Data excerpts:
──────────────────────────────

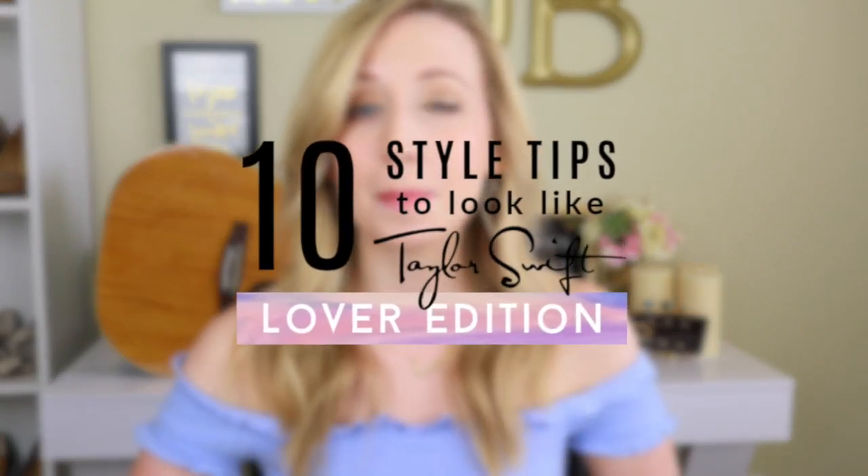Today is the release of Taylor Swift's newest album Lover. It's been 13 years since she released her first album and we've seen her style morph from innocent country girl to feminine powerhouse. Taylor's on the cover of the Vogue September issue. Taylor has really changed her style since the Reputation album and I'm going to tell you 10 easy ways you can implement the new Lover album style so that you can celebrate listening to this album in style.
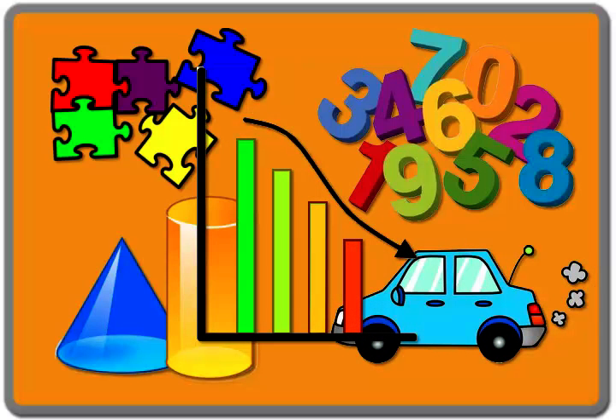Mathematics is in everything we see. We use it to simplify ideas and then build on them. Mathematics serves as a strong foundation for a wide variety of careers because it provides you with pattern recognition, computing skills, and problem-solving skills.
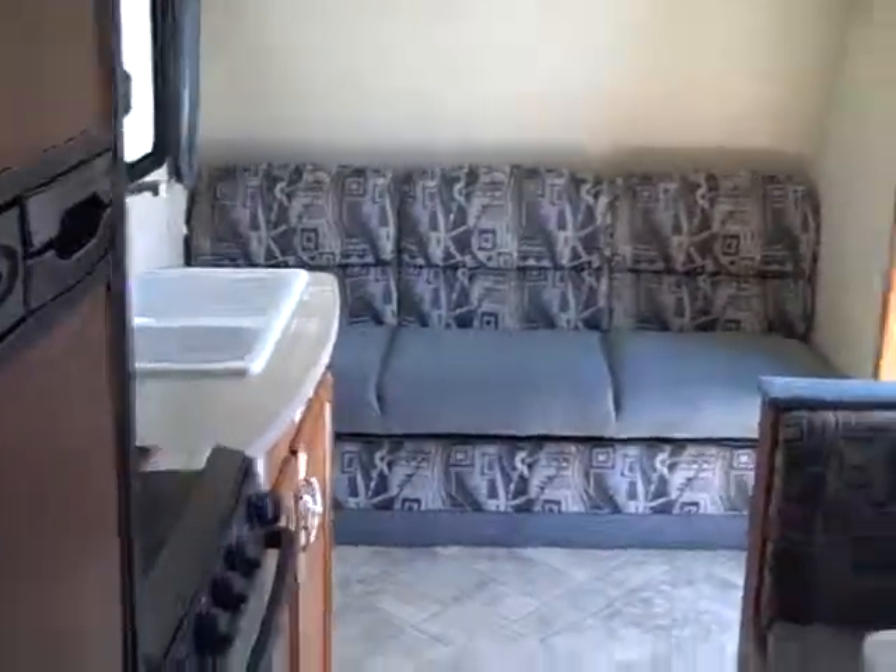So there it is — the new trailer. I'll be picking it up Friday.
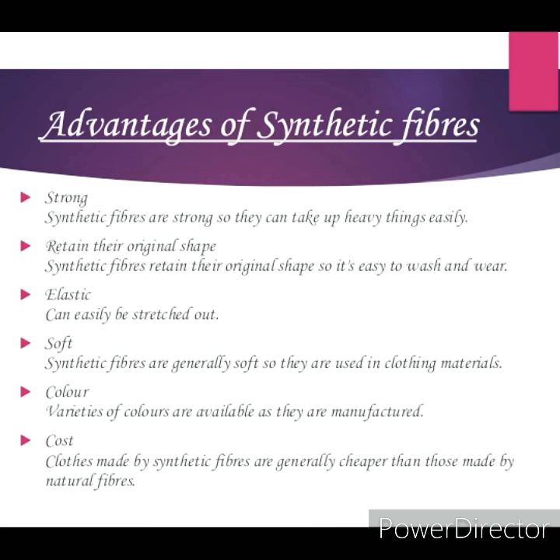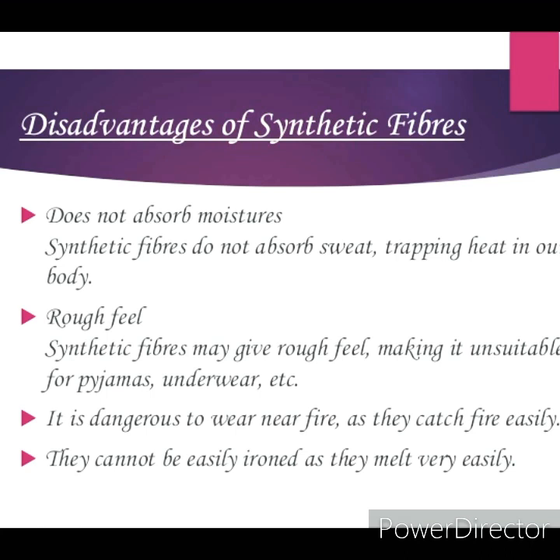Synthetic fibers do not depend either on agricultural crops or on animal farming. They are generally cheaper than natural fibers. Synthetic fibers possess unique characteristics which make them popular dress materials. They dry up quickly and are durable, readily available, and easy to maintain.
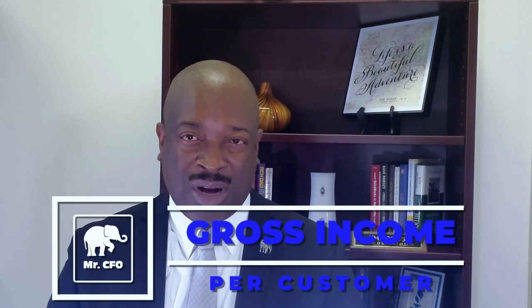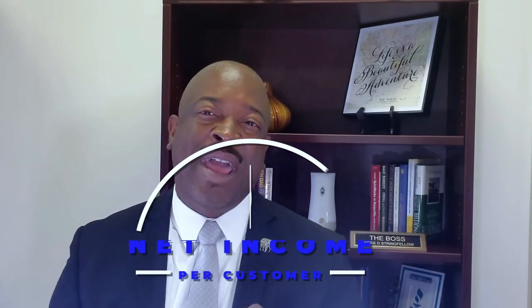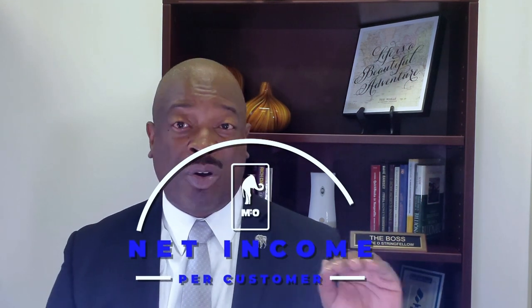Number two: gross income per client or customer. Every customer or client that comes through the door is either going to be making you money or losing you money. By knowing what your gross income per client is, you've added another piece of the formula for developing a pricing model that helps establish a baseline so that your prices — on a per client basis — yield a little bit of net income. Which leads to number three: your net income per client. That is when you take your gross income per client and minus out your cost per client, which leaves you with your net income per client.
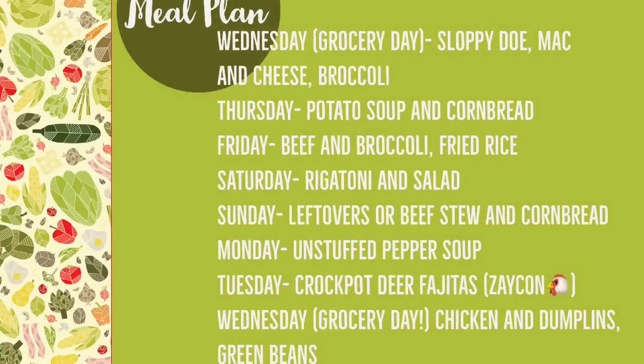Here's what we're going to be having for dinner this week. On Wednesday we had sloppy does — like sloppy joes but made with venison — along with the Horizon organic mac and cheese and steamed broccoli. Thursday we'll have potato soup and cornbread. Friday, beef and broccoli with fried rice, and hopefully my daughter will make some of her delicious yum yum sauce. Saturday, rigatoni and salad. Sunday, I'll either pull out all the leftovers for a must-go, or if there's not enough I'll throw some beef stew in the crock pot before we leave for church.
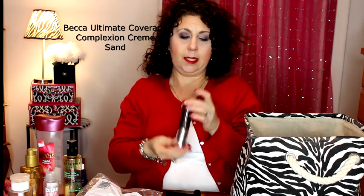This was the Becca Ultimate Coverage Complexion Cream Foundation. I won't be repurchasing it — partly because I have so many foundations to use up, and also because it was a little bit too yellow for me.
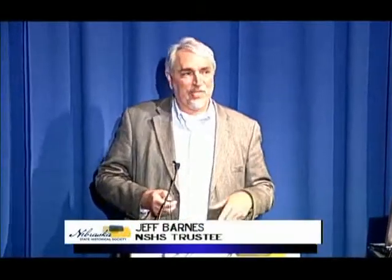Thank you very much, and happy fourth week of spring. Tom asked me to give this presentation — this is one I've wanted to do for quite some time. I'm a speaker with Humanities Nebraska, and this isn't the program I give, so this may be the one and only time that you see this program.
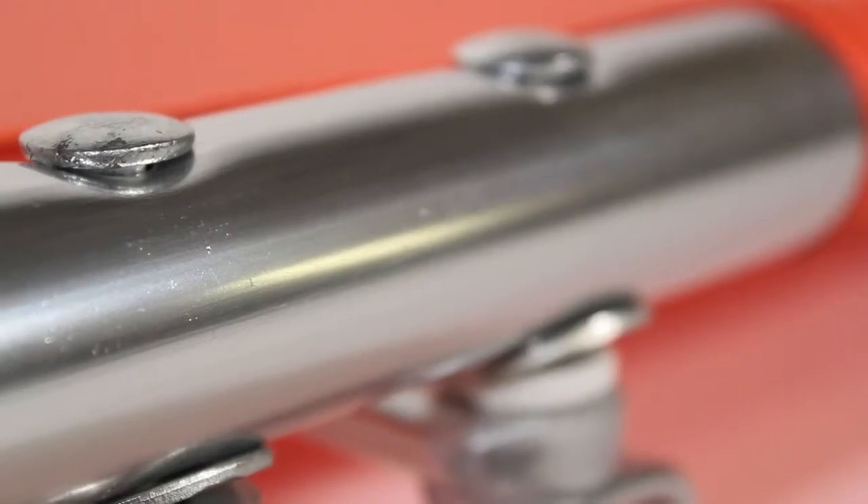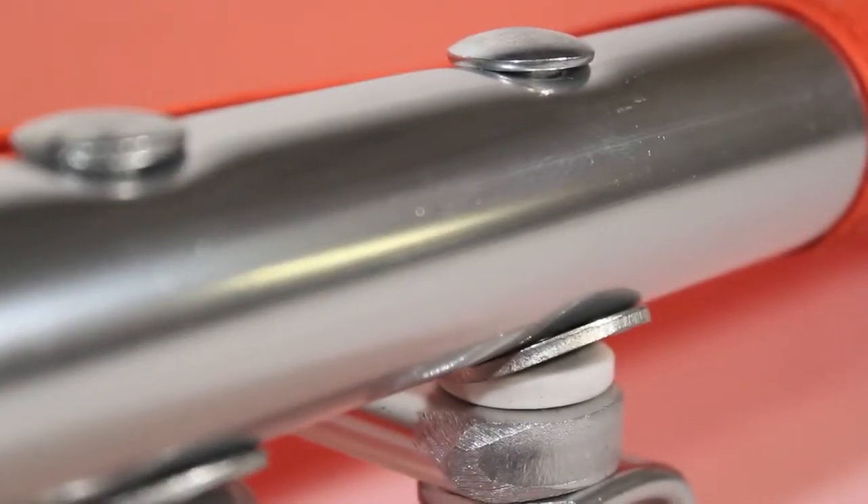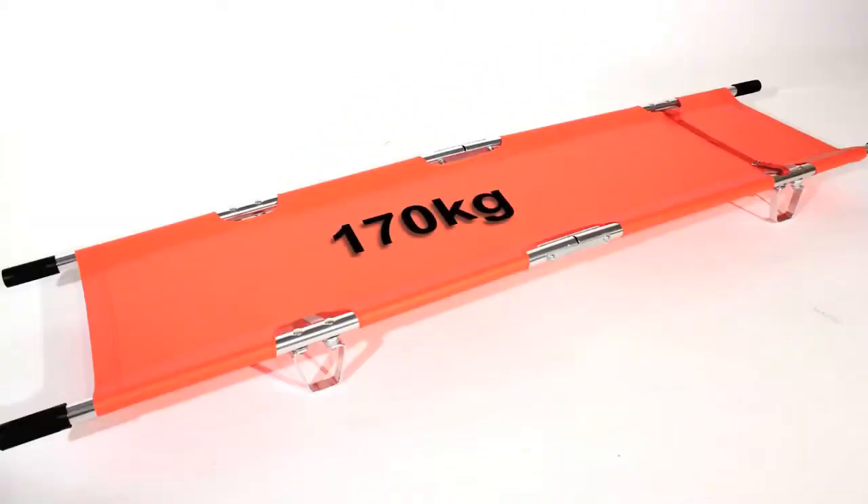The stretchers are made from high-grade aluminium and although they weigh only 6 kilograms, the stretchers can accommodate weights up to 170 kilograms.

──────────────────────────────

BRIEF:
The stretch above running from the line with "Synthetic fibers do" through the line with "Number two: gross" is all you should copy, exactly, leaving out the pictures.

RESPONSE AREA:
Synthetic fibers do not depend either on agricultural crops or on animal farming. They are generally cheaper than natural fibers. Synthetic fibers possess unique characteristics which make them popular dress materials. They dry up quickly and are durable, readily available, and easy to maintain.
Number two: gross income per client or customer. Every customer or client that comes through the door is either going to be making you money or losing you money. By knowing what your gross income per client is, you've added another piece of the formula for developing a pricing model that helps establish a baseline so that your prices — on a per client basis — yield a little bit of net income. Which leads to number three: your net income per client. That is when you take your gross income per client and minus out your cost per client, which leaves you with your net income per client.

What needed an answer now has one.